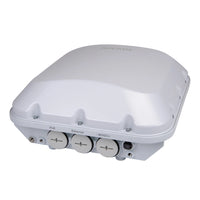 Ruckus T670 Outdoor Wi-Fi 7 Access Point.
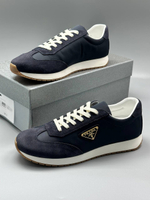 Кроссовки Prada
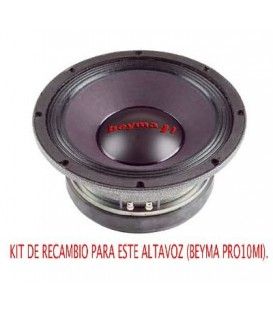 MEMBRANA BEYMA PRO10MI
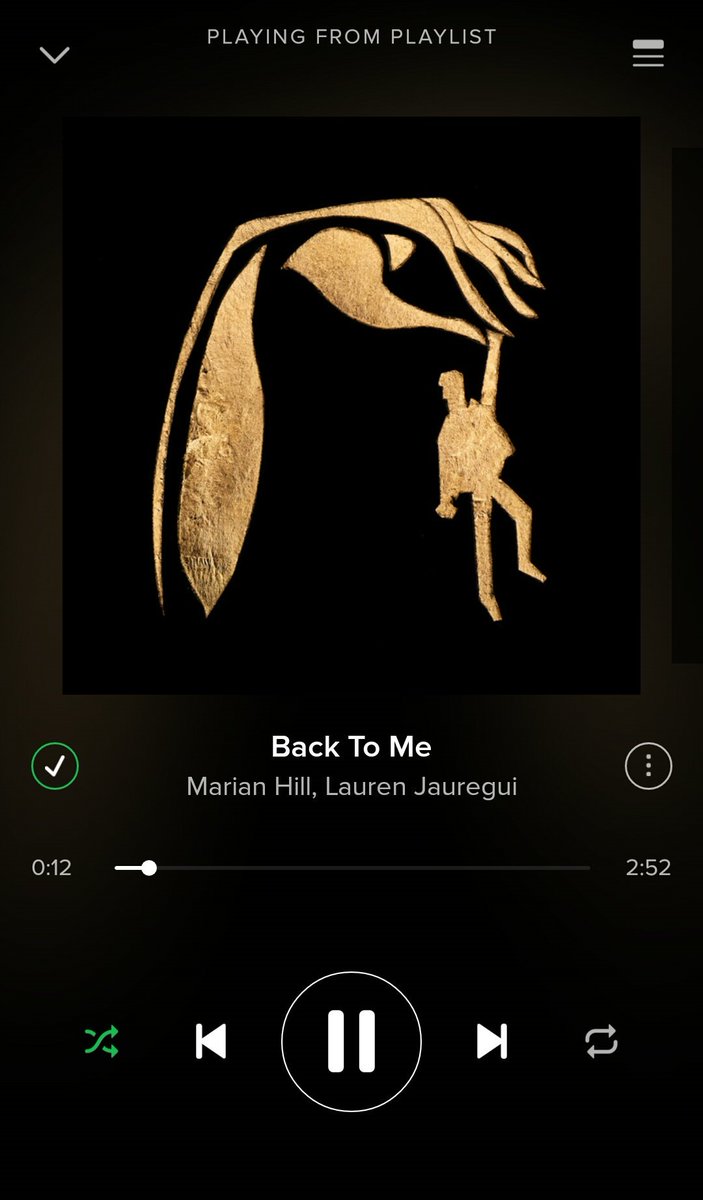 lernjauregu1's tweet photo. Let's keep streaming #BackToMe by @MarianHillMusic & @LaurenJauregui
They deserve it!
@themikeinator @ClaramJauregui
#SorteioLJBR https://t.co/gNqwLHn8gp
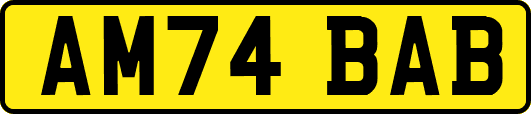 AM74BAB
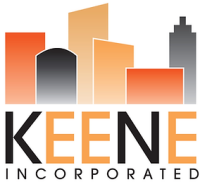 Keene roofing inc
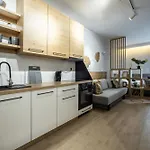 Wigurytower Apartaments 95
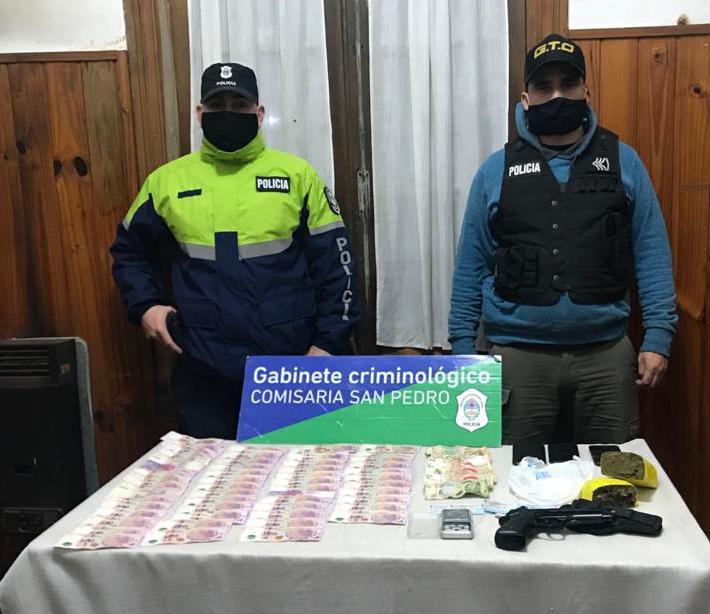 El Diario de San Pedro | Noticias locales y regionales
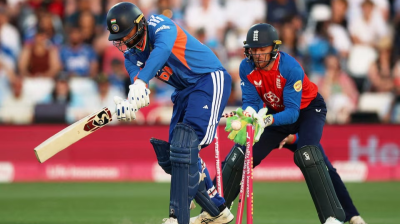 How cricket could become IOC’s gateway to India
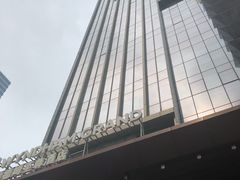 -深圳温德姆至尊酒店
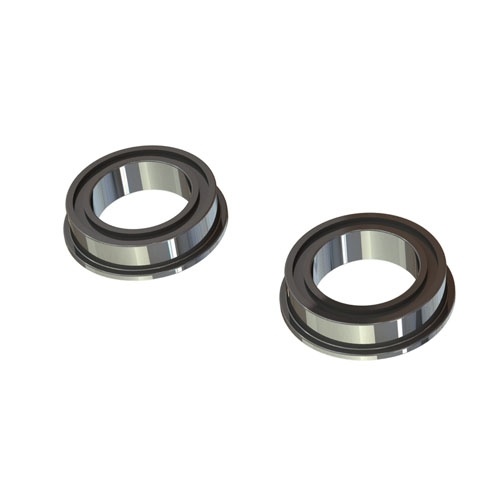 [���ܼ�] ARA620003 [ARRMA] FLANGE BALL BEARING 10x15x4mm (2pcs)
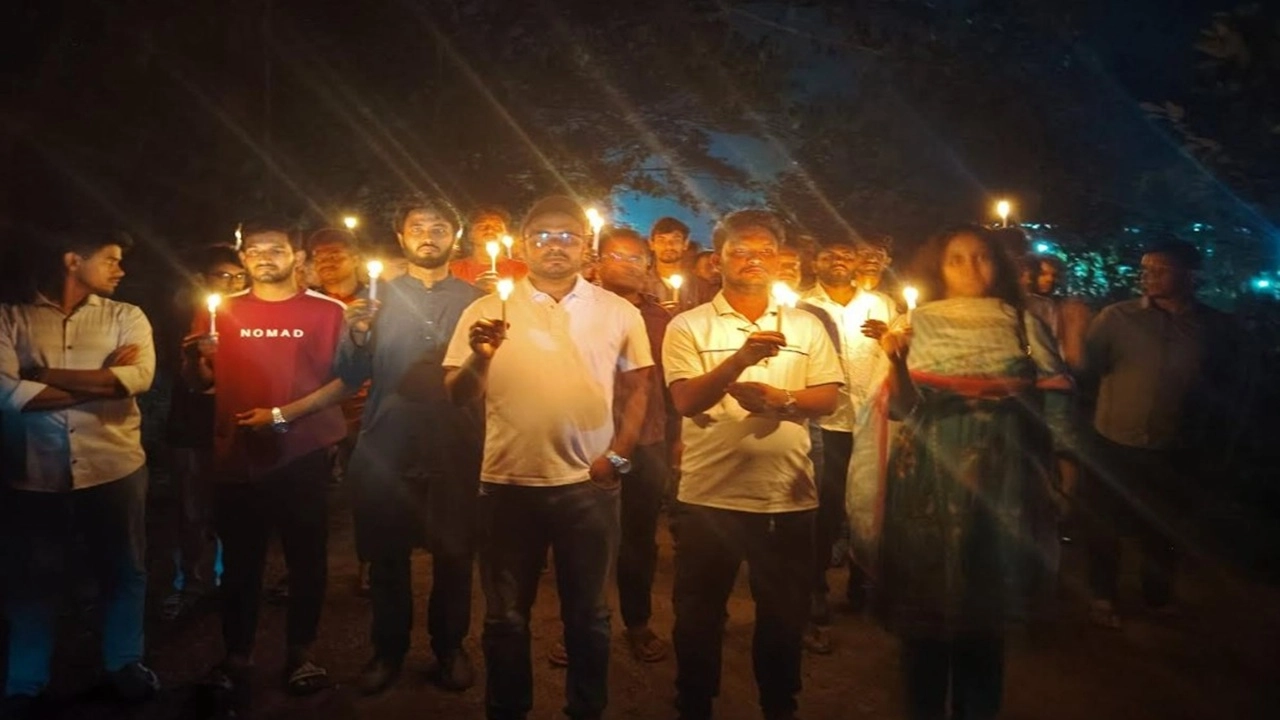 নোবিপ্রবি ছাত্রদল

* * *

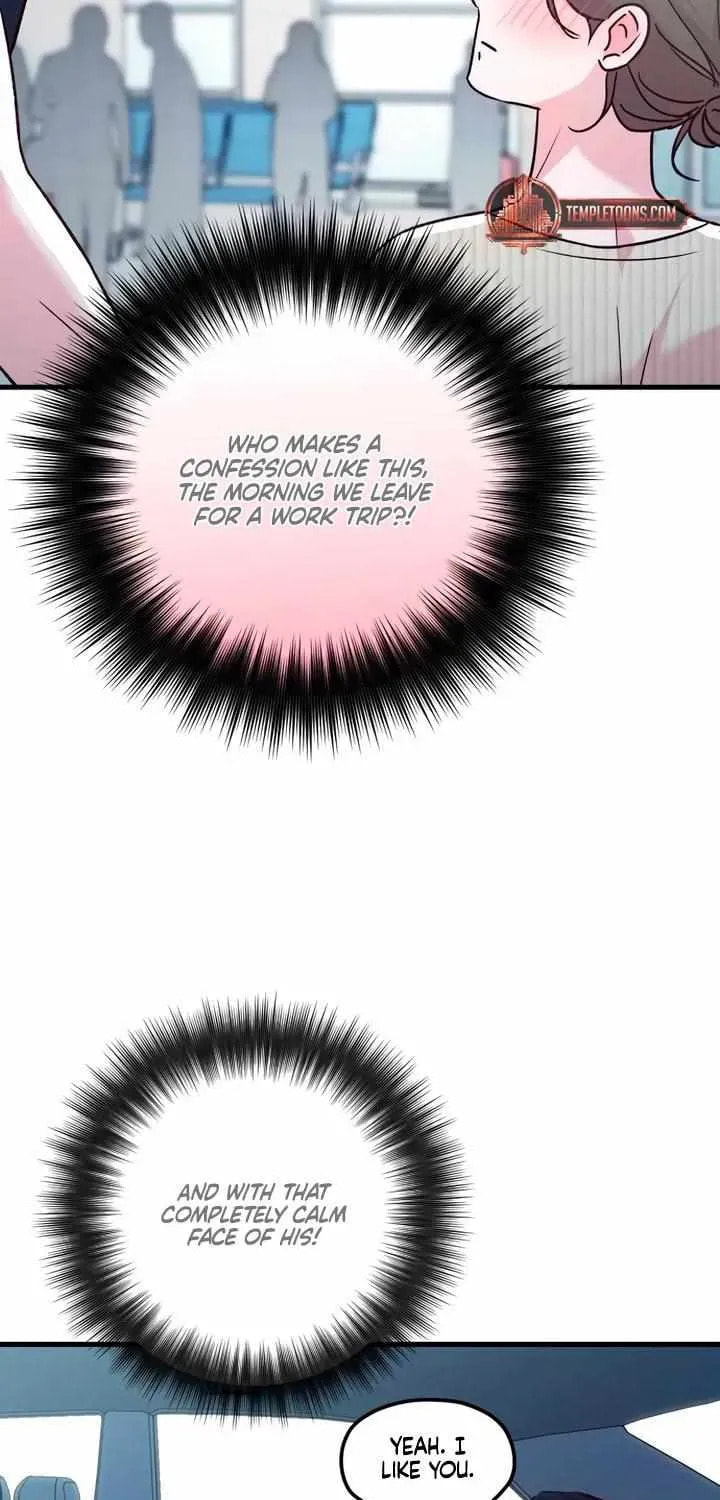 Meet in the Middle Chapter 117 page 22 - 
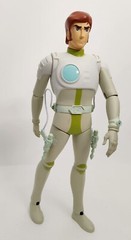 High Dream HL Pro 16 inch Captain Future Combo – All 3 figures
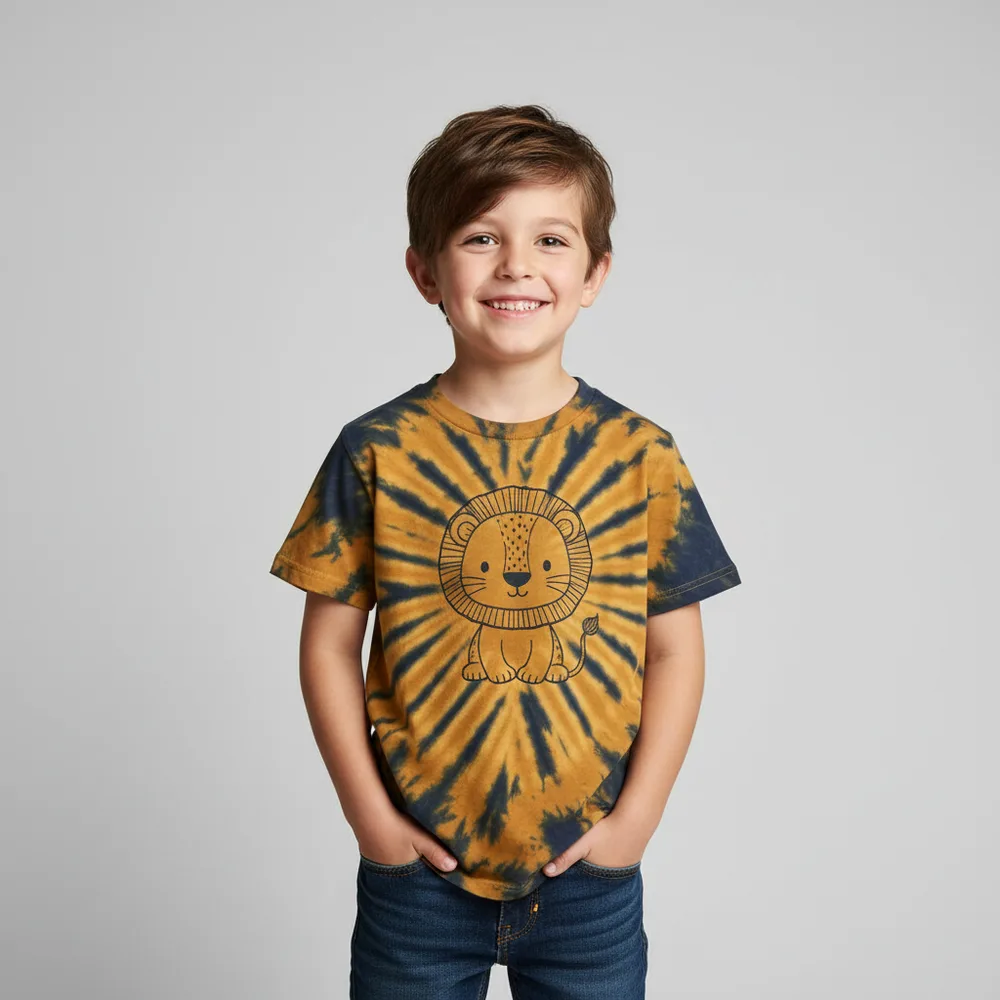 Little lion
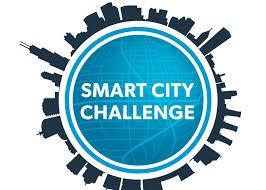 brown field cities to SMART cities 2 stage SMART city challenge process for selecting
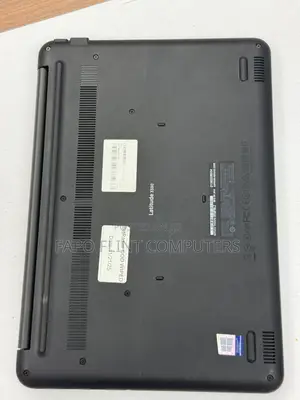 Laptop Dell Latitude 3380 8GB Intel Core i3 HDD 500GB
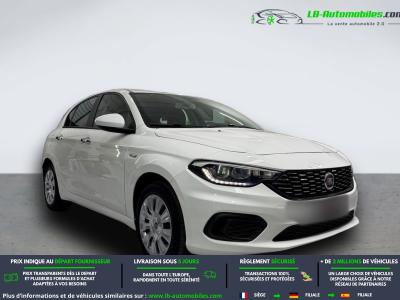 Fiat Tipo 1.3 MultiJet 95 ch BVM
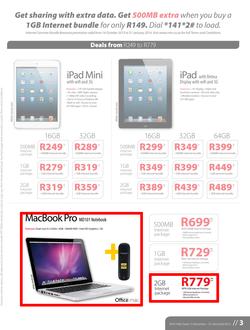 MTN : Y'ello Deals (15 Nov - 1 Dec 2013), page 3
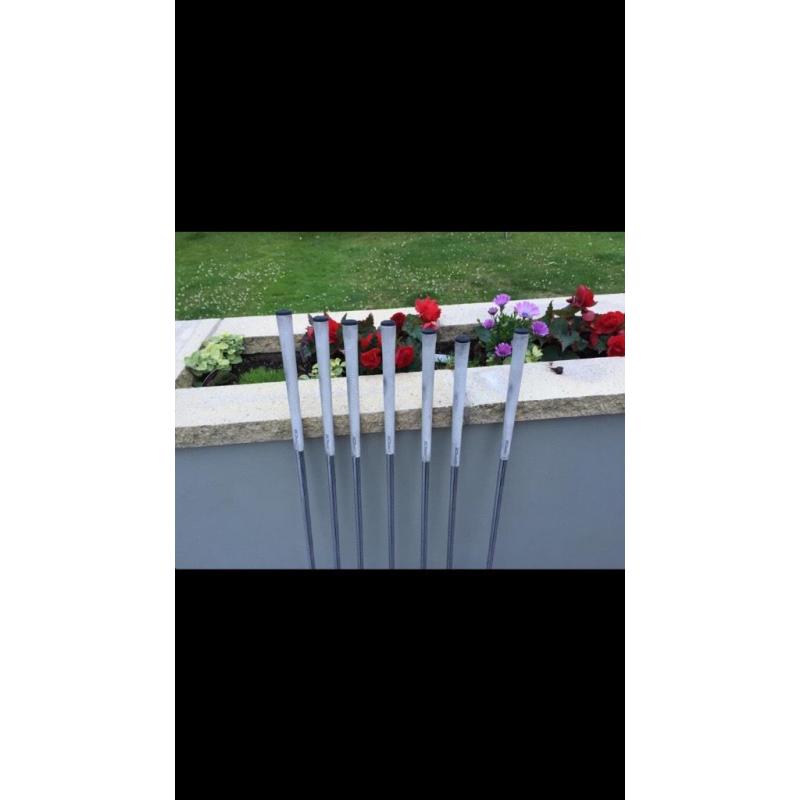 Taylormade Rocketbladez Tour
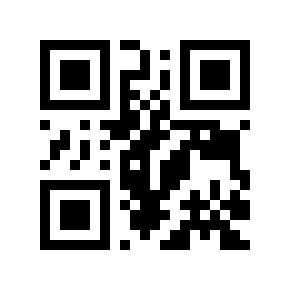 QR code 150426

* * *

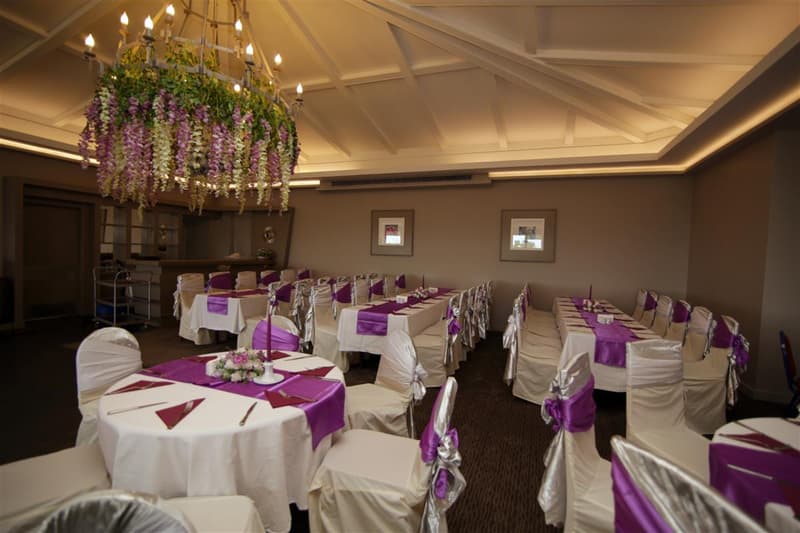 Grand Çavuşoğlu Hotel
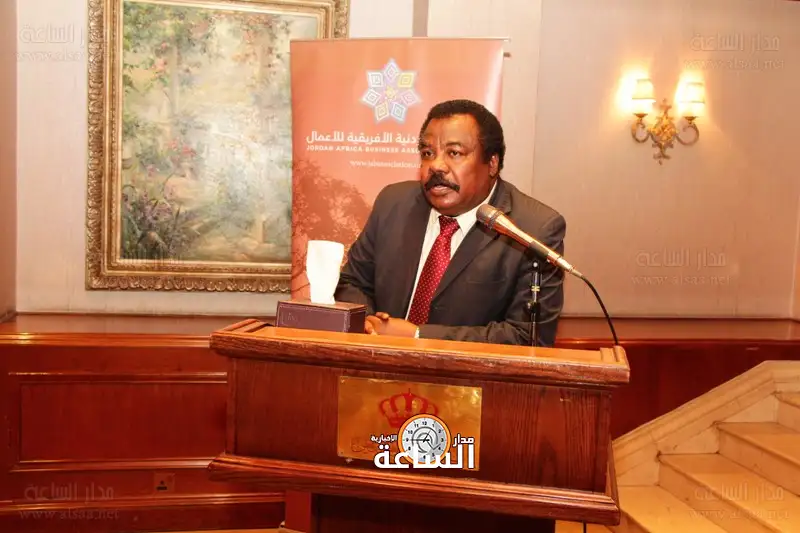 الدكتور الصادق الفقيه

Prompt: Reproduce, word for word, everything in the listing above from the line containing "High Dream HL" down to the line containing "QR code 150426", both of them included. No pictures.

Worked solution:
 High Dream HL Pro 16 inch Captain Future Combo – All 3 figures
 Little lion
 brown field cities to SMART cities 2 stage SMART city challenge process for selecting
 Laptop Dell Latitude 3380 8GB Intel Core i3 HDD 500GB
 Fiat Tipo 1.3 MultiJet 95 ch BVM
 MTN : Y'ello Deals (15 Nov - 1 Dec 2013), page 3
 Taylormade Rocketbladez Tour
 QR code 150426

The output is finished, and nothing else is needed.